1885–1922
- Seats: 1
- Created from: County Cork and Mallow
- Replaced by: Cork East and North East

= North East Cork (UK Parliament constituency) =

UK parliamentary constituency in Ireland, 1885–1922

North East Cork, a division of County Cork, was a parliamentary constituency in Ireland, represented in the Parliament of the United Kingdom. From 1885 to 1922 it returned one Member of Parliament (MP) to the House of Commons of the United Kingdom of Great Britain and Ireland.

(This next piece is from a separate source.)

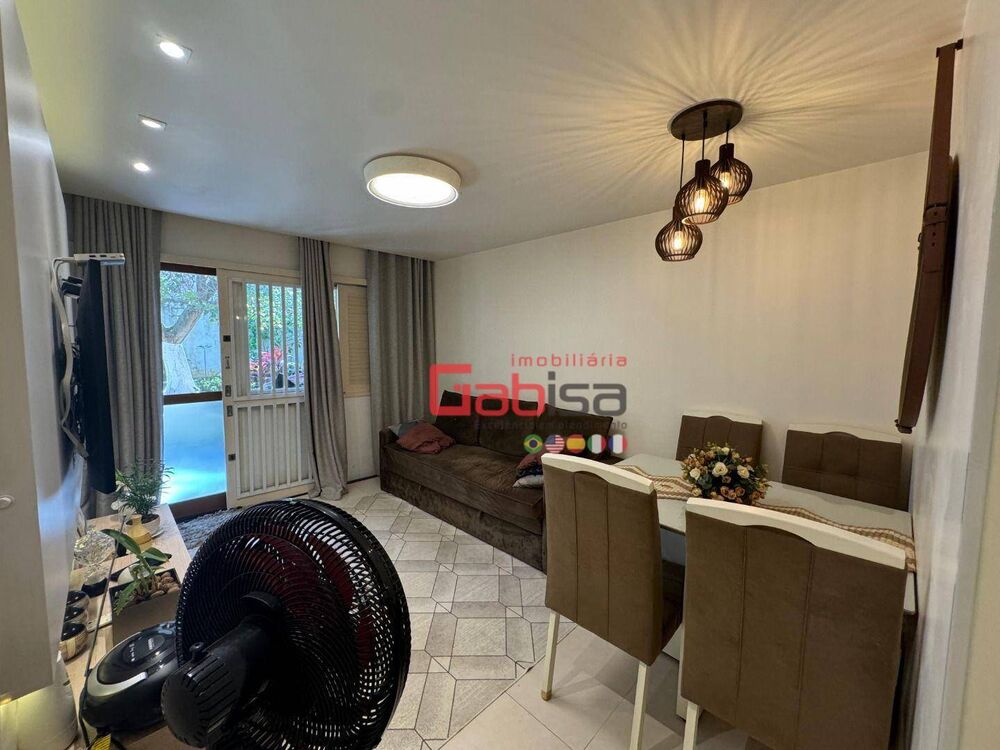 Casa, 1 quarto, 50 m² - Foto 9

Until the 1885 general election the area was part of the County Cork constituency. From 1922, on the establishment of the Irish Free State, it was not represented in the UK Parliament.

==Boundaries==
This constituency comprised the north-eastern part of County Cork, consisting of the baronies of Condons and Clangibbon and Kinnatalloon, that part of the barony of Fermoy not contained within the constituency of North Cork, that part of the barony of Barrymore contained within the parishes of Ardnageehy, Britway, Castlelyons, Coole, Dunbulloge, Gortroe, Kilshanahan, Knockmourne, Rathcormack, Templebodan and Whitechurch, and that part of the barony of Barretts contained within the parish of Mourne Abbey.

==Members of Parliament==

| Year |  | Member | Party |
|  | 1885 | Edmund Leamy | Irish Parliamentary Party |
|  | 1887 | William O'Brien | Irish Parliamentary Party |
|  | 1891 | Irish National Federation |
|  | February 1893 | Michael Davitt | Irish National Federation |
|  | June 1893 | William Abraham | Irish National Federation |
|  | 1900 | Irish Parliamentary Party |
|  | January 1910 | William O'Brien | All-for-Ireland League |
|  | March 1910 | Maurice Healy | All-for-Ireland League |
|  | December 1910 | Moreton Frewen | All-for-Ireland League |
|  | 1911 | Tim Healy | All-for-Ireland League |
|  | 1918 | Thomas Hunter | Sinn Féin |
| 1922 |  | constituency abolished |  |

==Elections==
===Elections in the 1880s===

General election 28 November 1885: Cork North-East
| Party |  | Candidate | Votes | % | ±% |
|---|---|---|---|---|---|
|  | Irish Parliamentary | Edmund Leamy | Unopposed |  |  |
| Registered electors |  |  | 8,175 |  |  |
|  | Irish Parliamentary win (new seat) |  |  |  |  |

General election 7 July 1886: Cork North-East
| Party |  | Candidate | Votes | % | ±% |
|---|---|---|---|---|---|
|  | Irish Parliamentary | Edmund Leamy | Unopposed |  |  |
| Registered electors |  |  | 8,175 |  |  |
|  | Irish Parliamentary hold |  |  |  |  |

- Leamy resigns

By-election 16 May 1887: Cork North-East
| Party |  | Candidate | Votes | % | ±% |
|---|---|---|---|---|---|
|  | Irish Parliamentary | William O'Brien | Unopposed |  |  |
| Registered electors |  |  | 8,812 |  |  |
|  | Irish Parliamentary hold |  |  |  |  |

===Elections in the 1890s===

General election 7 July 1892: Cork North-East
| Party |  | Candidate | Votes | % | ±% |
|---|---|---|---|---|---|
|  | Irish National Federation | William O'Brien | Unopposed |  |  |
| Registered electors |  |  | 8,781 |  |  |
|  | Irish National Federation gain from Irish Parliamentary |  |  |  |  |

In the 1892 United Kingdom general election William O'Brien (Irish Parliamentary Party) was returned for both North East Cork and Cork City. He chose to sit for Cork City, and a by-election was held for the vacant seat.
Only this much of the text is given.